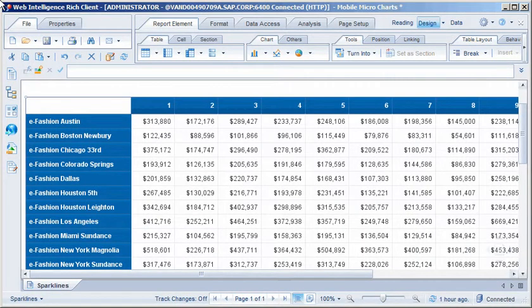This crosstab displays the sales revenue for several stores over a 12-month period. Note that the monthly results are in columns 2 through 13 of the table.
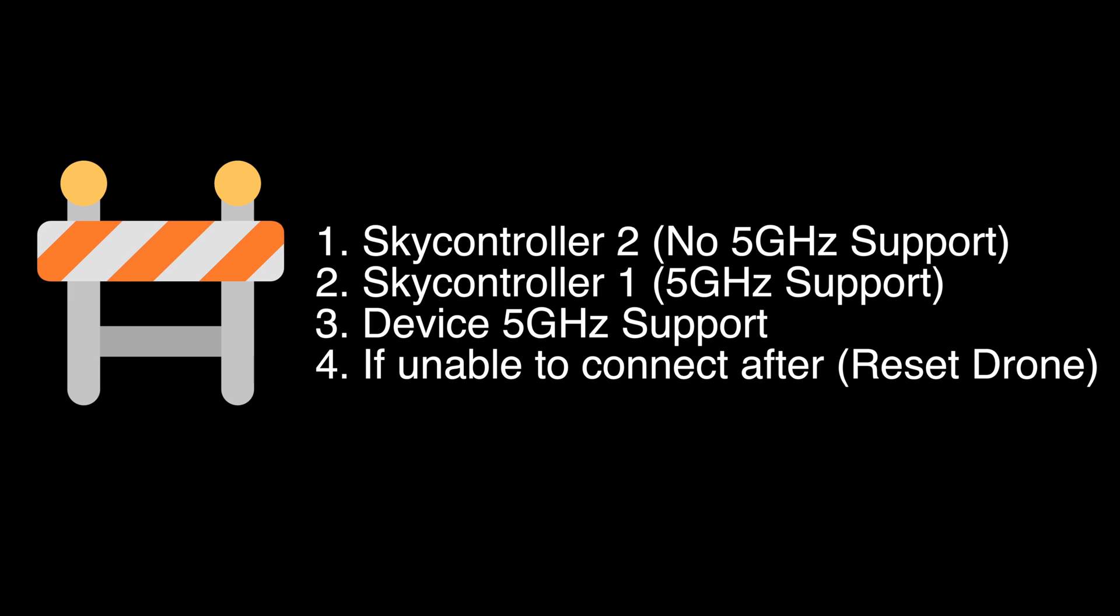Okay, before showing you how to set it up, first things first: SkyController 2 does not have 5 GHz, so don't do this if you're using a SkyController 2. It will work with SkyController 1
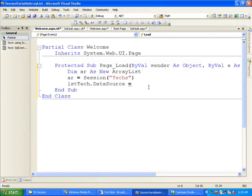If you make a typographic error with the name of the session variable, you won't get the desired output and you won't get an error message either. That's the problem with session variables.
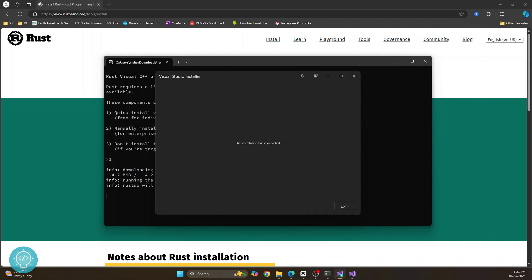So after a while, as you can see, installation has been complete. Now you can just click on close.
+++
# Requirement
Beginning with the line that contains "If you make" and ending with the last line of the data, transcribe each line exactly; pictures stay out.

# Answer to the exercise
If you make a typographic error with the name of the session variable, you won't get the desired output and you won't get an error message either. That's the problem with session variables.
So after a while, as you can see, installation has been complete. Now you can just click on close.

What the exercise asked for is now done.